What is required:
With both ends included, repeat exactly the lines of the entries below from the one containing "Hbs Group Southern Ltd logo" down to the one containing "Active rear wing", and no others.

═════ Supplied records ═════

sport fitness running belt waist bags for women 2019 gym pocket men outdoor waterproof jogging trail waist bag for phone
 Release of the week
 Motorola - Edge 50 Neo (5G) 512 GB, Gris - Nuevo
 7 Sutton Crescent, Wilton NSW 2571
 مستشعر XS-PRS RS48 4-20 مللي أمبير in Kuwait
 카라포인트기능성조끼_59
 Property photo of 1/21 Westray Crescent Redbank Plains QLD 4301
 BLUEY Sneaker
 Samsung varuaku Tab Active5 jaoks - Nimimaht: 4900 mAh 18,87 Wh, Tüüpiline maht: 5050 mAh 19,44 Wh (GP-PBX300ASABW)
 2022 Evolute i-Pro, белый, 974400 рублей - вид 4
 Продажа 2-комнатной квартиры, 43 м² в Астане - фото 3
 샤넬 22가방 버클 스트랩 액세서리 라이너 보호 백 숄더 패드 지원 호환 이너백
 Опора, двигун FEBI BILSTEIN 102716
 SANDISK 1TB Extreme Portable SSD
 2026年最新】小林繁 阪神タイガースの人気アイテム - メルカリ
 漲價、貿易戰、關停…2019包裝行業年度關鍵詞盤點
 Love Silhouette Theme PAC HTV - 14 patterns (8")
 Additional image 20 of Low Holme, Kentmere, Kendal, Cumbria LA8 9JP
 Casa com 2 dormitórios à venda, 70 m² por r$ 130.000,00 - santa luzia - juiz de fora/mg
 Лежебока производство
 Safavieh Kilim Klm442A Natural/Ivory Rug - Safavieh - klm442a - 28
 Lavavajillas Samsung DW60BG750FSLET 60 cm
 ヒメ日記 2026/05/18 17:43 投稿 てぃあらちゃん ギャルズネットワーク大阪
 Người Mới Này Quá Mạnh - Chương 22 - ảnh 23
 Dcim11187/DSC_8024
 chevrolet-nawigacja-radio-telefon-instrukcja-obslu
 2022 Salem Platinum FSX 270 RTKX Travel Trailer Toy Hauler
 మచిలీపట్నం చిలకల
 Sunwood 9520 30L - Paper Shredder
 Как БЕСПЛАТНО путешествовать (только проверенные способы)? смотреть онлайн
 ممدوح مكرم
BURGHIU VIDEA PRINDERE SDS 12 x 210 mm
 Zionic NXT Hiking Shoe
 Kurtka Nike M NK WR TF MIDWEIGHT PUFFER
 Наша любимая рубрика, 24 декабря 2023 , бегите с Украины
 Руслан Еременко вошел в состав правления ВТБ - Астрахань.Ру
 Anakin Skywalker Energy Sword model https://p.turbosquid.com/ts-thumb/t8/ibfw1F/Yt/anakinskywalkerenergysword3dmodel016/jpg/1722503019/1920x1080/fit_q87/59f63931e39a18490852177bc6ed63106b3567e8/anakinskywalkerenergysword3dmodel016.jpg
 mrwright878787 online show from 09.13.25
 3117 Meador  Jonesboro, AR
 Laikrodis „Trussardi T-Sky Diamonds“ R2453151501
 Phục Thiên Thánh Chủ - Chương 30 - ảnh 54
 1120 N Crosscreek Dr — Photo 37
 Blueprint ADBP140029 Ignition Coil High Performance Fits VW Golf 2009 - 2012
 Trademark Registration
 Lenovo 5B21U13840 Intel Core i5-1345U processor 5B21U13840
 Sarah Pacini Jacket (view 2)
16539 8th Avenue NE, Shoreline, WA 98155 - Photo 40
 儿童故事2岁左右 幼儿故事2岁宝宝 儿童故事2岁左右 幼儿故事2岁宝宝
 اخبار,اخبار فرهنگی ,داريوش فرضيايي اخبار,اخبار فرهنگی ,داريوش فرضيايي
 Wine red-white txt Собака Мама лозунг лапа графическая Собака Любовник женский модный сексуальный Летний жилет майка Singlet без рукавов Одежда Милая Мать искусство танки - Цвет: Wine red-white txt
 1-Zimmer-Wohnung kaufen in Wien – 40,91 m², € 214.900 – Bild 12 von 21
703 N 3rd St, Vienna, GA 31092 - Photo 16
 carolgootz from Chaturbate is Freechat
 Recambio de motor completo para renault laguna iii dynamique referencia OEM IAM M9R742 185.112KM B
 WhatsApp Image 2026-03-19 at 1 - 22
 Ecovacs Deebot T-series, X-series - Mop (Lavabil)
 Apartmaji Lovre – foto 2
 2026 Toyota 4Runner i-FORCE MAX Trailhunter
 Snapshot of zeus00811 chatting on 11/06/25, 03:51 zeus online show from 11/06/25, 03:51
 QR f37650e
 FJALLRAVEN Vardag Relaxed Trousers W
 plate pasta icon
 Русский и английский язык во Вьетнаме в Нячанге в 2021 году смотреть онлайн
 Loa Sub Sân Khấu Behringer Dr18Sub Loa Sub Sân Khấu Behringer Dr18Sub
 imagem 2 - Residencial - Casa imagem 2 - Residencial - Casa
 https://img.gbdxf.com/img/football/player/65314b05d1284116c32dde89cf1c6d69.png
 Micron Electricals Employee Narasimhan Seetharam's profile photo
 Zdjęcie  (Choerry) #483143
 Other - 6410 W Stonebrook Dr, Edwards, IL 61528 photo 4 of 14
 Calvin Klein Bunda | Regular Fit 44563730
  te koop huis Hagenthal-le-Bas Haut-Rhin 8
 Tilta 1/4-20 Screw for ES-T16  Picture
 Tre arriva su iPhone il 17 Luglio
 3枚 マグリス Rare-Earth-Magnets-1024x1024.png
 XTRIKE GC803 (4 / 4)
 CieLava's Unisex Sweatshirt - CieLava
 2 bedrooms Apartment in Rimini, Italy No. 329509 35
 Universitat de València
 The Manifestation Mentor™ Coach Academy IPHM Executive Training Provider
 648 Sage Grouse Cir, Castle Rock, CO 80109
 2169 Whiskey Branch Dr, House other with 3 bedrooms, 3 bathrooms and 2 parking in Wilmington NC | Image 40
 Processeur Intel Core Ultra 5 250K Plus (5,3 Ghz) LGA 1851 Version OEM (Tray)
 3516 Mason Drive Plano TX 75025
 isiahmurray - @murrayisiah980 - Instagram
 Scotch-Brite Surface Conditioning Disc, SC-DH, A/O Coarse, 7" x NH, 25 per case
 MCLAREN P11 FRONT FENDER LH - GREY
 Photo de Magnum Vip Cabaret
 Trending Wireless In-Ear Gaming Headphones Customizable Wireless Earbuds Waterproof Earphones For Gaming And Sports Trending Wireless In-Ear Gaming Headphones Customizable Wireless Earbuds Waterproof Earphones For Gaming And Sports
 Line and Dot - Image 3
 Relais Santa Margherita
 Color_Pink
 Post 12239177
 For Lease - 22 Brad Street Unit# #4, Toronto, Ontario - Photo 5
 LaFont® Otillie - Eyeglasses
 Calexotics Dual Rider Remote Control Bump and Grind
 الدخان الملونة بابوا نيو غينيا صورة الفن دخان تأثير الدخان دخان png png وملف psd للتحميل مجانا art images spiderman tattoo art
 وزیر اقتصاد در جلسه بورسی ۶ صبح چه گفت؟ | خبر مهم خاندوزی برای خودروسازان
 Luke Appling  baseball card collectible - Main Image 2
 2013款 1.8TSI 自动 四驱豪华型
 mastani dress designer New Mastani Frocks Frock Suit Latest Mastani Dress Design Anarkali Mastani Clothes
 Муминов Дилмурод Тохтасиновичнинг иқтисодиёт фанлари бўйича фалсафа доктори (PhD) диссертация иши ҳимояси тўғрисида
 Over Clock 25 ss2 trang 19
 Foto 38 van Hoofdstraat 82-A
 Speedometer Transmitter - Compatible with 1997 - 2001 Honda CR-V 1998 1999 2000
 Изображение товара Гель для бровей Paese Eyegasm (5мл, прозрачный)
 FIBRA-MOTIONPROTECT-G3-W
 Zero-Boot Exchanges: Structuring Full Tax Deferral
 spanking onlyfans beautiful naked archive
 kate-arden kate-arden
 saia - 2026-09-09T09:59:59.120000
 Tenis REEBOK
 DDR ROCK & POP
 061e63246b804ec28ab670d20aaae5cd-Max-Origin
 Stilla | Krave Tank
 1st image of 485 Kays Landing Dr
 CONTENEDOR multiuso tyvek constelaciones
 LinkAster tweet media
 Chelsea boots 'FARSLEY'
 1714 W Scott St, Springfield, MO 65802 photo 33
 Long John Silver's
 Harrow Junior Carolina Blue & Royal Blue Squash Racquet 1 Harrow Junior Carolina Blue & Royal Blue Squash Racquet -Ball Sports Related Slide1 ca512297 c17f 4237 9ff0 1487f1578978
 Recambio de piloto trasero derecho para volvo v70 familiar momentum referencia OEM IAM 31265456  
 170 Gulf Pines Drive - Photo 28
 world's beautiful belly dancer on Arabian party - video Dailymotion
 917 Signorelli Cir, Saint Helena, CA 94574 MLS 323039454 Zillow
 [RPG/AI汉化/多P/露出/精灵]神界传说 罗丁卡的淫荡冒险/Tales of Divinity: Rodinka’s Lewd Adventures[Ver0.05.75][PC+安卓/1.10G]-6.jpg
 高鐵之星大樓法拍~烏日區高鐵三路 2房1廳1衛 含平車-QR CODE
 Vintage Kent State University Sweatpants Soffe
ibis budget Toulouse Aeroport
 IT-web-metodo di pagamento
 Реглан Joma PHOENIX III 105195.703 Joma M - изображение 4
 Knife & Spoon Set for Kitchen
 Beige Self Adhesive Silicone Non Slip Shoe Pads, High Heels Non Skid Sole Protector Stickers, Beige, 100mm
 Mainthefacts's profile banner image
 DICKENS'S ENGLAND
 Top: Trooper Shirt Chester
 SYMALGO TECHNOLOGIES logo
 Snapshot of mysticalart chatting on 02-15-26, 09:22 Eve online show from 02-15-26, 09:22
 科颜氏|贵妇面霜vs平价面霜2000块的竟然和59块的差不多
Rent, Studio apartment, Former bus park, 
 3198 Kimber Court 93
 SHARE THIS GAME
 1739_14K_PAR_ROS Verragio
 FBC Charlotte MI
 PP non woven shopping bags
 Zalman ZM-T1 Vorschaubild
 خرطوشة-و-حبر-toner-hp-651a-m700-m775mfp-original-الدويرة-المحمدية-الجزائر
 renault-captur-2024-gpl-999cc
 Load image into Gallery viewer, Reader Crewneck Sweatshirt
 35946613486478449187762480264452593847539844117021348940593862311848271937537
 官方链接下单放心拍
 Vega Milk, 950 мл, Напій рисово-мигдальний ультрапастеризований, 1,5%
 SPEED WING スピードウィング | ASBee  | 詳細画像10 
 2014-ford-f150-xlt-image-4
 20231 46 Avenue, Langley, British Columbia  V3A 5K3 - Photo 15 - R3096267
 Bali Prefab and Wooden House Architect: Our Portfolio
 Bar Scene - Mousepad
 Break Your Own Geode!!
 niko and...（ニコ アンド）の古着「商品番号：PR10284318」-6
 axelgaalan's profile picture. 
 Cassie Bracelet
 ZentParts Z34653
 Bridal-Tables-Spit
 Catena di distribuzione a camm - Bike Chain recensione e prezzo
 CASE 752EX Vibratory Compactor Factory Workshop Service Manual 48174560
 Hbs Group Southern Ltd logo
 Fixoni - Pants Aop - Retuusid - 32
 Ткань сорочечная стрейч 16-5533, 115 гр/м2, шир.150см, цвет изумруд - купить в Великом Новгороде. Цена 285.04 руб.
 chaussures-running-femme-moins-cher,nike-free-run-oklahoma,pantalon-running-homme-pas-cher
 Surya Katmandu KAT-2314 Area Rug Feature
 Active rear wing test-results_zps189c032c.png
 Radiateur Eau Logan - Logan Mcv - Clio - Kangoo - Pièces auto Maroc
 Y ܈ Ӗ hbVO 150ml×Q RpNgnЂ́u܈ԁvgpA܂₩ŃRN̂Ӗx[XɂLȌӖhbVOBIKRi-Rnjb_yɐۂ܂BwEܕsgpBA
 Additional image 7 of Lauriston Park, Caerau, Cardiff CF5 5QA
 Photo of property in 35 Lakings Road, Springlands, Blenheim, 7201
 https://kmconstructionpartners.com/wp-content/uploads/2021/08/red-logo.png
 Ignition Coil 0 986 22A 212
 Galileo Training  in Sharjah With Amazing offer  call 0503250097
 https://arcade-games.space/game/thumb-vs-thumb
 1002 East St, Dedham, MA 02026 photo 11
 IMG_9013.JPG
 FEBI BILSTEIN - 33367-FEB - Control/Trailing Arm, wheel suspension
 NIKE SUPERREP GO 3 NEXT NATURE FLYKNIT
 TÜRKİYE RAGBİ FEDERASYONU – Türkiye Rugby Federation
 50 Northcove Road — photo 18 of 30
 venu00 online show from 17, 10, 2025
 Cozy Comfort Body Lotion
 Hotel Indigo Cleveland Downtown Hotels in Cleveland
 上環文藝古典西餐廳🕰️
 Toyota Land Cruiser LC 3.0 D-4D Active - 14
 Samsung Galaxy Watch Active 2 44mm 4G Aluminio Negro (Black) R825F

═════

Response:
 Hbs Group Southern Ltd logo
 Fixoni - Pants Aop - Retuusid - 32
 Ткань сорочечная стрейч 16-5533, 115 гр/м2, шир.150см, цвет изумруд - купить в Великом Новгороде. Цена 285.04 руб.
 chaussures-running-femme-moins-cher,nike-free-run-oklahoma,pantalon-running-homme-pas-cher
 Surya Katmandu KAT-2314 Area Rug Feature
 Active rear wing test-results_zps189c032c.png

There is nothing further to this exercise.